After enough volume, I compared the two columns. Where the machine scored a scenario high, I almost always agreed, and my rare rejections up there were cosmetic, a phrasing I would have tightened, never something that would mislead a learner. The disagreements that mattered clustered lower down. Ambiguity, contexts that were plausible but subtly off for the age group, problems that were correct and somehow still confusing. Around 0.85 the character of my rejections changed from this is wrong to I would have done it differently, and that is a distinction worth automating around. Below the line lives judgment. Above it lived my taste, and taste is not what the review queue is for.

So the line went in at 0.85. Not because the number is special, but because that is where my own recorded behavior said the machine and I stopped disagreeing about anything a child would feel.

Hard gates discard outright failures before any scoring. Survivors get a composite quality score, and 0.85 is the line where months of my own review decisions stopped adding anything a learner would notice.

What stays human on purpose

The threshold is not a retirement of the review queue. Three kinds of content keep a person in the chain no matter what they score.

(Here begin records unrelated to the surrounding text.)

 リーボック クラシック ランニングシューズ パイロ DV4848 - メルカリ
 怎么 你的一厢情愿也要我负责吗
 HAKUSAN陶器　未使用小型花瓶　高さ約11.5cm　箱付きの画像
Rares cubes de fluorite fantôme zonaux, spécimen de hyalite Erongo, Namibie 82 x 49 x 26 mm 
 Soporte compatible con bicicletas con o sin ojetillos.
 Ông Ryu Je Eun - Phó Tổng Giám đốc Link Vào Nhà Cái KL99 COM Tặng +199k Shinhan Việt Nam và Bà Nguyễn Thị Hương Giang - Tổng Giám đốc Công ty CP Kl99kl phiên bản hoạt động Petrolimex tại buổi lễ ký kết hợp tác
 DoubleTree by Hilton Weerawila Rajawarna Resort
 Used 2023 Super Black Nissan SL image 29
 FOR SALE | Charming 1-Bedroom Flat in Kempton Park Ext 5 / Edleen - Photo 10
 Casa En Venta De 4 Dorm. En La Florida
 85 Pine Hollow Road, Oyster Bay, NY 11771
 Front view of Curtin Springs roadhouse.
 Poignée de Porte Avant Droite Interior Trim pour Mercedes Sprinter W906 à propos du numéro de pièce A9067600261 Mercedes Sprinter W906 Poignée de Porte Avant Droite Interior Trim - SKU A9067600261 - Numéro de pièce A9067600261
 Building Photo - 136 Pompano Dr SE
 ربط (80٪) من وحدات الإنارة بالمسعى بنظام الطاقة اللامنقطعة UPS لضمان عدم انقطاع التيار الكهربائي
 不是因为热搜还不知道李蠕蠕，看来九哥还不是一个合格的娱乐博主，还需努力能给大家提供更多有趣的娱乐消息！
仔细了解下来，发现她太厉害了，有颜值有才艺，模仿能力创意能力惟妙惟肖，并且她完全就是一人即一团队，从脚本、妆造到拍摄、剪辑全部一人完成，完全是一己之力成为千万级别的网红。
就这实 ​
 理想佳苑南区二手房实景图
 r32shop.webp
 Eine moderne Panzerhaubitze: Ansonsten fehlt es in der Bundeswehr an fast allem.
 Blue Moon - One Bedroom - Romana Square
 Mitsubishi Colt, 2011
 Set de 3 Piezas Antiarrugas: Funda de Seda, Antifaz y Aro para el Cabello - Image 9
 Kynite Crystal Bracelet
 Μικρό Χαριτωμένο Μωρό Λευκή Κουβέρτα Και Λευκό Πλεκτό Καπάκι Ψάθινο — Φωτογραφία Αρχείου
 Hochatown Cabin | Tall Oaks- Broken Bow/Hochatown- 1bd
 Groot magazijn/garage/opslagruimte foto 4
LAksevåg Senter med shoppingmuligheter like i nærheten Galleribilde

The first batches of any new concept get reviewed in full, because the score is only trustworthy where my recorded decisions taught it what good looks like, and a new concept is new territory. Anything touching locale and cultural context gets a person when it sits near the line, because those misses embarrass quietly and the gates only catch the crude cases. And a sample from above the line gets pulled for review on an ongoing basis, because the whole arrangement rests on the score staying honest, and the only way to know is to keep checking it against a human.

That last one matters most. A dashboard now tracks approval rates per template over time, and the thing I watch for is drift. Prompts age, models change, and a threshold calibrated in summer can rot by winter without a single alarming event. If auto-approval rates climb while my sampled agreement falls, the line moves up until I understand why.

The part I am less sure about

I want to flag the assumption this whole post stands on, because someone will eventually test it harder than I have. My calibration data is my own judgment. The threshold encodes me, my pedagogical instincts, my cultural blind spots, my tired-evening leniency. For a product run by one person that is at least coherent. The moment other reviewers join, the line stops meaning one thing, and I suspect maintaining a shared standard across reviewers is a harder problem than any of the machinery in this post.

I also do not know yet how the threshold behaves at real catalog scale. The volumes I calibrated on are honest but small. It is possible the score distribution shifts as concepts multiply, and 0.85 turns out to be the right line in the wrong place. If that happens, you will read about it here.

What I can say is that the system fails in the right direction. Every doubt routes to a person, every discard is silent and costless, and the worst outcome of a miscalibrated threshold is me reviewing more than I strictly need to. A learning product should inconvenience its builder before it confuses its learner. That ordering is the actual decision in this post, and the number is just where it landed this season.